On Monday, the Supreme Court granted review in Weyerhauser v. U.S. Fish and Wildlife Services—a closely watched case about a federal agency’s authority to designate private land as “critical habitat” for an endangered species. At the center of the case is the dusky gopher frog, which is found in only a few isolated ponds in Mississippi. Known for playing peek-a-boo when startled, the shy frog would seem an unlikely candidate to draw the Supreme Court’s attention.
But the issue presented in the case is vital. The Endangered Species Act authorizes the U.S. Fish and Wildlife Service to designate “critical habitat” for endangered species. The agency interprets that power broadly to reach private land that is neither inhabited by listed species nor able to be inhabited by them because it lacks the characteristics required. In other words, can land be “critical habitat” if it isn’t even habitat?
In the decision that the Supreme Court will review, the Fifth Circuit said “yes” over a sharp dissent.
The panel opinion, over Judge Owen’s cogent dissent, approved an unauthorized extension of ESA restrictions to a 1,500 acre-plus Louisiana land tract that is neither occupied by nor suitable for occupation by nor connected in any way to the “shy frog.” The frogs currently live upon or can inhabit eleven other uncontested critical habitat tracts in Mississippi. No conservation benefits accrue to them, but this designation costs the Louisiana landowners $34 million in future development opportunities. Properly construed, the ESA does not authorize this wholly unprecedented regulatory action.

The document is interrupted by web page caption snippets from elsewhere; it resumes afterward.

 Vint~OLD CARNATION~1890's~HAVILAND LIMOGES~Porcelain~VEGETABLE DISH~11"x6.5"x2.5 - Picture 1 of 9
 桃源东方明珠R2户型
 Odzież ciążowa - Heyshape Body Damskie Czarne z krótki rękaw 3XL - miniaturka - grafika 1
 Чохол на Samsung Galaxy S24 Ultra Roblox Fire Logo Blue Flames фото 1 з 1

Although the Supreme Court will focus on the legal question whether critical habitat must be habitat, a win for property owners could significantly improve the incentives for private landowners to conserve and restore habitat. More than 70 percent of endangered species depend on private land for the majority of their habitat, so those incentives are vital to species’ recovery.
The dusky gopher frog’s recovery, for instance, will require extensive efforts to create and manage habitat. Its ecosystem requires both intermittent ponds and regular wildfires. Over time, both have been reduced, leaving only small pockets of habitat. Growing the population depends on creating more habitat, which will require significant effort and ongoing maintenance.
A designation that imposes $34 million in regulatory costs for no conservation benefit is no way to foster the goodwill needed for landowners to improve habitat. Instead, it breeds resentment. Penalizing people for having lands that could be converted to habitat discourages the protection of such lands. Much as the Endangered Species Act generally makes rare species a liability, non-habitat designations make a property’s habitat potential a significant liability, rather than an asset.